Typical characteristics

classic workspace
Unity Catalog enabled
S3 or ADLS used heavily
external locations and customer-owned storage patterns

Pros

more control
easier alignment with existing cloud architecture
fits established enterprise landing zones

Cons

more setup complexity
more operations burden
slower onboarding for new teams

Pattern C: Hybrid organization

What it means

The organization uses both:

serverless for many interactive workloads
classic compute for special workloads
customer cloud storage for durable enterprise data

Good for

most medium and large organizations
teams adopting gradually
mixed analytics and engineering workloads

Pros

balance of simplicity and control
practical migration path
good for phased modernization

Cons

governance and FinOps must be clear
architecture becomes more complex if standards are weak

Part 13: A very practical “who does what” view

Account admin

Usually responsible for:

creating workspaces
creating or assigning metastores
enabling Unity Catalog
setting broad governance patterns

Workspace admin

Usually responsible for:

workspace-level permissions
compute access and policies
serverless usage policies
user onboarding inside the workspace

Data platform team

Usually responsible for:

storage design
external locations
catalog strategy
naming conventions
security and permissions

Data users

Usually responsible for:

creating notebooks
running queries
using approved catalogs/schemas
building dashboards and pipelines

Part 14: What gets shared across workspaces

This is a very important reason Unity Catalog exists.

If multiple workspaces use the same metastore

Then they can share the same:

catalogs
schemas
tables
volumes
permissions model

This means you might have:

Dev workspace
Test workspace
Prod workspace

all attached to the same metastore, or to separate metastores depending on your governance design.

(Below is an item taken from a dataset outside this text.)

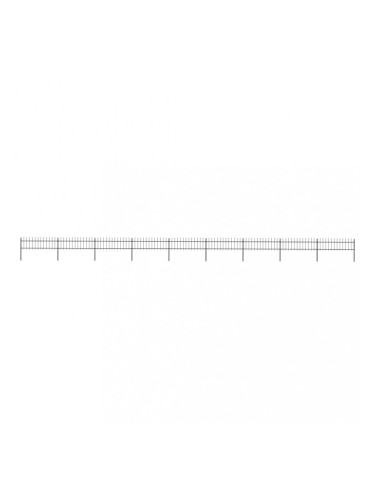 Sonata Градинска ограда с пики, стомана, 15,3x0,6 м, черна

Diagram: multiple workspaces sharing one metastore

flowchart TD
    W1[Dev Workspace] --> M[Regional Metastore]
    W2[Test Workspace] --> M
    W3[Prod Workspace] --> M

    M --> CAT1[Catalog: finance]
    M --> CAT2[Catalog: sales]
    M --> CAT3[Catalog: sandbox]

When to share one metastore

Use one metastore across multiple workspaces when:

they are in the same region
you want shared governance
teams need a common namespace
access control can be handled through permissions

When separate metastores may make sense

Use separate metastores when:

regions differ
legal or residency requirements differ
business units require stronger separation
platform governance intentionally isolates environments

Part 15: Where to create what in real life

Workspace creation checklist

Create a workspace when:

a new team needs its own working environment
you want separate admin boundaries
you want separate dev/test/prod environments
you need a new regional deployment

Metastore creation checklist

Create a metastore when:

a region does not yet have one
you intentionally need a separate governance root
legal or organization boundaries require isolation

Do not create a new metastore just because:

a new analyst joined
a new notebook is created
a new project starts
a new schema is needed

Catalog creation checklist

Create a catalog when:

you need a major logical data domain
you want department-level ownership
you need separate storage or governance boundaries

Examples:

finance
sales
marketing
sandbox

Schema creation checklist

Create a schema when:

you want a sub-domain inside a catalog
you want lifecycle stages like raw/staging/analytics
you want a team-specific area under a catalog

Table creation checklist

Create a table when:

you have actual structured data to manage and query

Part 16: Where the data is stored in serverless versus classic setups

Serverless-first example

flowchart LR
    U[User] --> W[Serverless Workspace]
    W --> SN[Serverless Notebook Compute]
    W --> M[Metastore]
    M --> C[Default Catalog]
    C --> T[Managed Table]
    T --> DS[Databricks Default Storage or Customer Cloud Storage]

Typical behavior

workspace is serverless
compute is Databricks-managed
default catalog may use default storage
additional catalogs may use customer cloud storage

Classic AWS example

flowchart LR
    U[User] --> W[Classic Workspace]
    W --> CL[Classic Compute in AWS Account]
    W --> M[Metastore]
    M --> C[Catalog]
    C --> T[Managed or External Table]
    T --> S3[S3 in Customer AWS Account]

Typical behavior

workspace exists in Databricks environment
classic compute runs in customer AWS account
data commonly lives in S3
metastore governs access to that data

Azure example

flowchart LR
    U[User] --> W[Azure Databricks Workspace]
    W --> CL[Classic or Serverless Compute]
    W --> M[Metastore]
    M --> C[Catalog]
    C --> T[Managed or External Table]
    T --> ADLS[Azure Data Lake Storage]

Part 17: Common misunderstandings and the correct version

Misunderstanding 1

“Workspace stores everything, so why do I need metastore?”

Correct version

Workspace stores the working environment and some workspace assets.
Unity Catalog metastore governs the enterprise data namespace and permissions.

Misunderstanding 2

“If I create a workspace, a separate metastore must be created for it.”

Correct version

Not always.
A workspace is often assigned to an existing regional metastore.

Misunderstanding 3

“If I use serverless, then Unity Catalog is not needed.”

Correct version

Serverless is a compute model.
Unity Catalog is the governance model.
They solve different problems.

Misunderstanding 4

“Metastore contains all actual data files.”

Correct version

Metastore contains metadata and governance.
Actual data files live in object storage.

Misunderstanding 5

“If I name a usage policy 5usd, Databricks will stop at 5 USD.”

Correct version

A serverless usage policy is mainly for attribution and tagging, not an automatic hard budget cap by default.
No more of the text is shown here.